[Work to complete]: Only the lines from the start of the data to the line containing "Chevrolet Monza 2023 arxa baqaji", both included, should be output, exactly and without pictures.

[Provided material]:
-*-*-

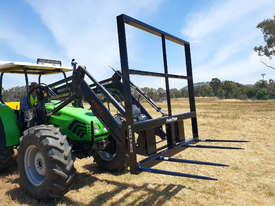 FARMTECH FTM-4TBH 3PL SQUARE BALE FORKS W/O TINES (1.2M HIGH) - picture0' - Click to enlarge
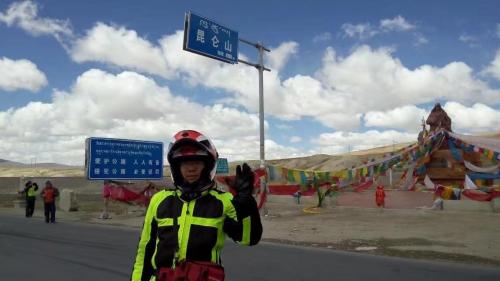 小踏板翻越海拔4878米昆仑山口~摩旅西藏青海第26天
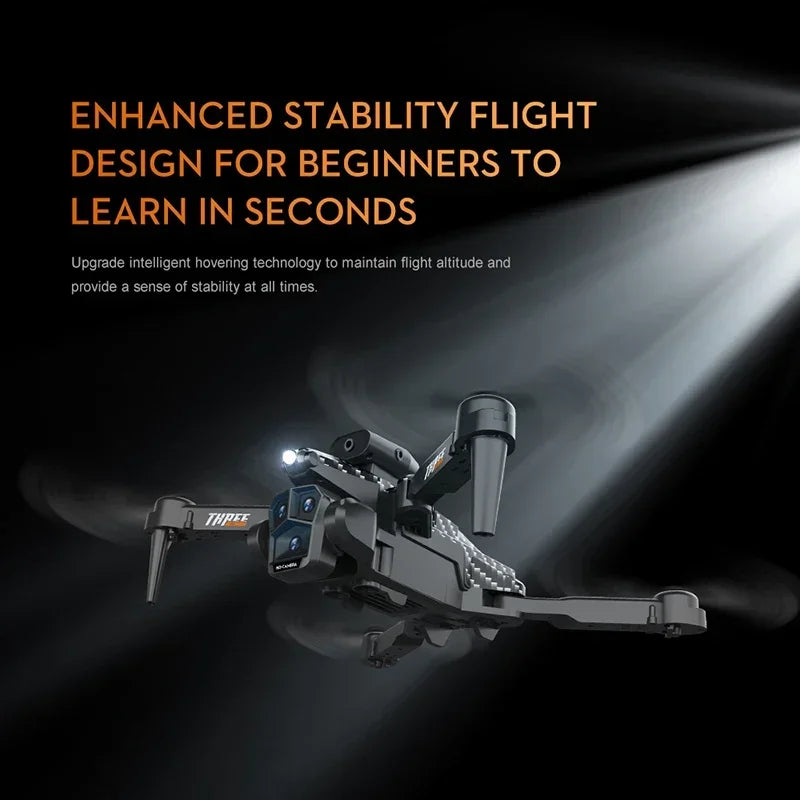 Lenovo K10Max Drone 8K Professinal Three Camera Optical Flow Localization Four-way Obstacle Avoidance RC for Adults Child Toys Ai-TechWorld 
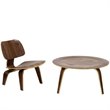 Modway Fathom 2-Piece Modern Style Wood Living Room Set in Walnut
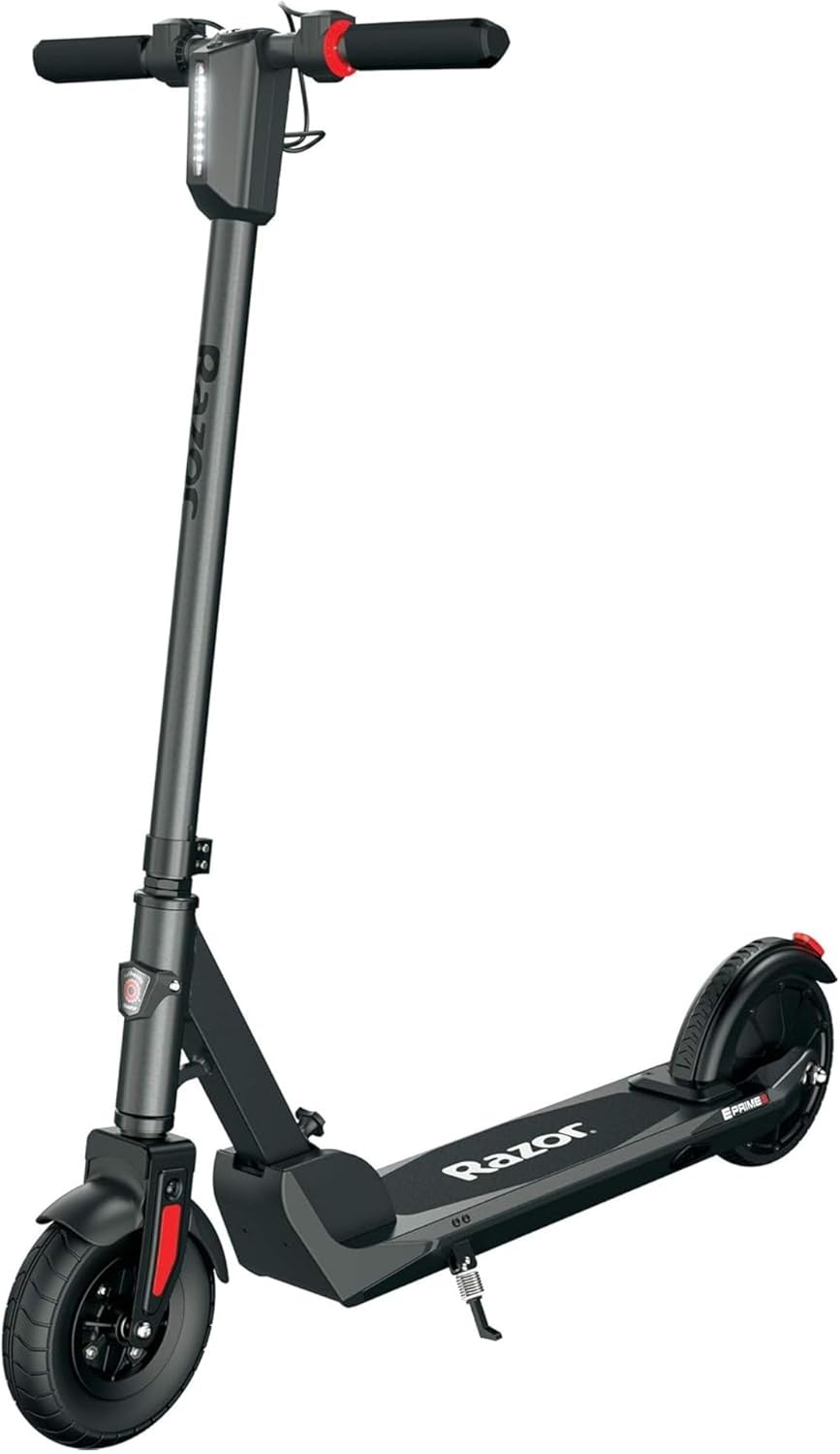 Razor Electric Scooter for Adults, Motor with 3 Speeds, up to 18 MPH, Foldable Lightweight Design with LED Display Lights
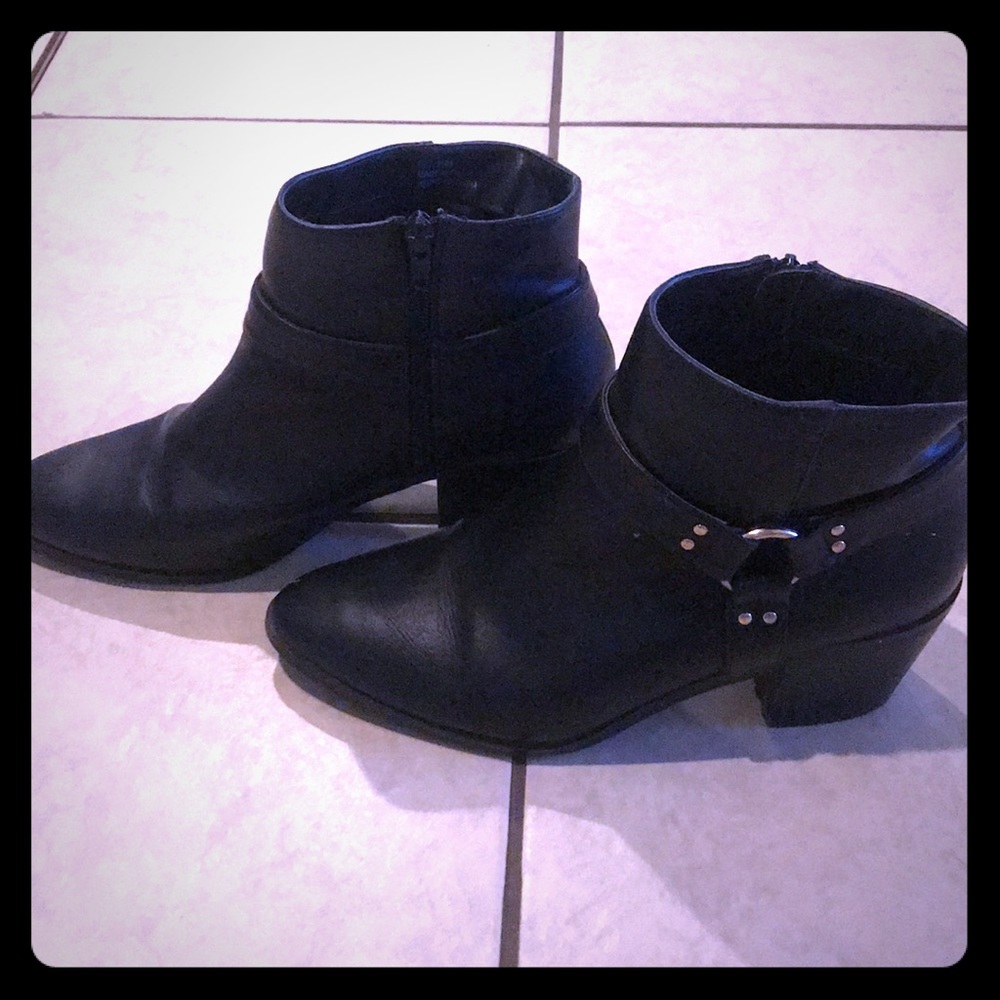 Black booties
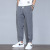 Men's Stretch Casual Pants Loose Ankle-Tied Straight Youth Trousers Korean Style Trendy Summer Thin Slim Fit Men's Pants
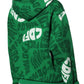 Urban Edge Green Cotton Hoodie with Bold Prints
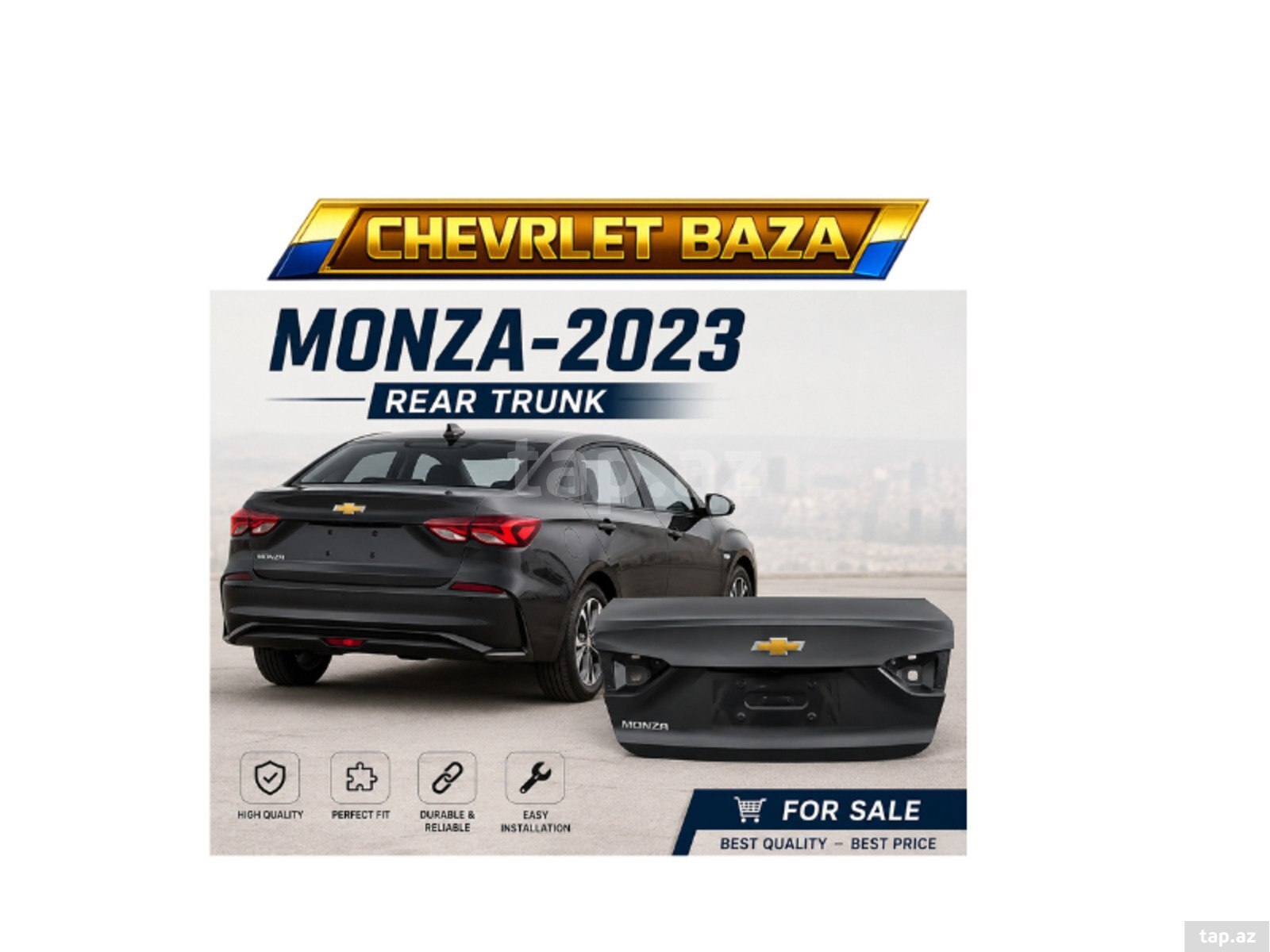 Chevrolet Monza 2023 arxa baqaji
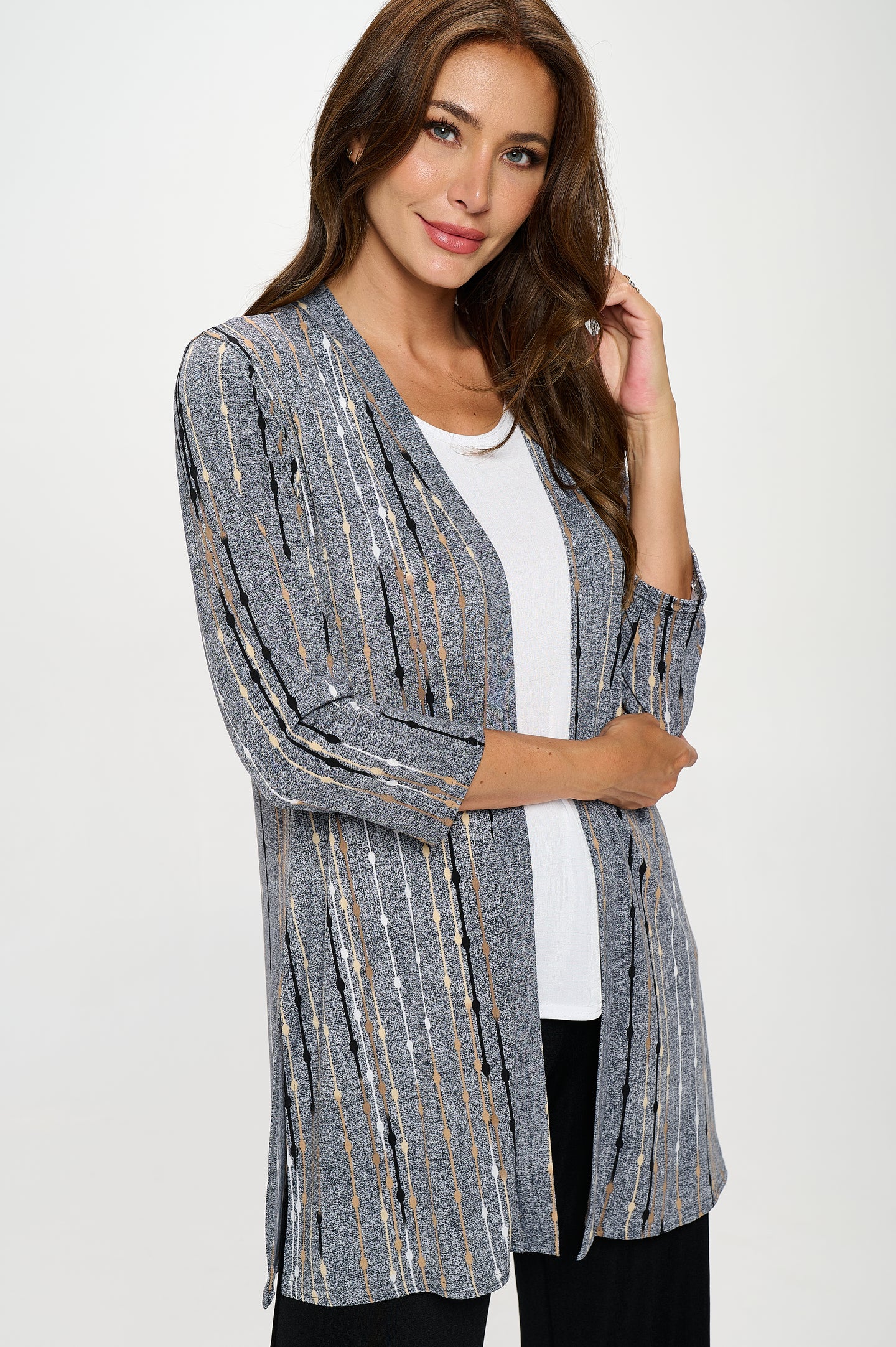 ITY Duster Jacket Quarter Sleeve Print-471HT-QRP1-W399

-*-*-

[Written solution]:
 FARMTECH FTM-4TBH 3PL SQUARE BALE FORKS W/O TINES (1.2M HIGH) - picture0' - Click to enlarge
 小踏板翻越海拔4878米昆仑山口~摩旅西藏青海第26天
 Lenovo K10Max Drone 8K Professinal Three Camera Optical Flow Localization Four-way Obstacle Avoidance RC for Adults Child Toys Ai-TechWorld 
 Modway Fathom 2-Piece Modern Style Wood Living Room Set in Walnut
 Razor Electric Scooter for Adults, Motor with 3 Speeds, up to 18 MPH, Foldable Lightweight Design with LED Display Lights
 Black booties
 Men's Stretch Casual Pants Loose Ankle-Tied Straight Youth Trousers Korean Style Trendy Summer Thin Slim Fit Men's Pants
 Urban Edge Green Cotton Hoodie with Bold Prints
 Chevrolet Monza 2023 arxa baqaji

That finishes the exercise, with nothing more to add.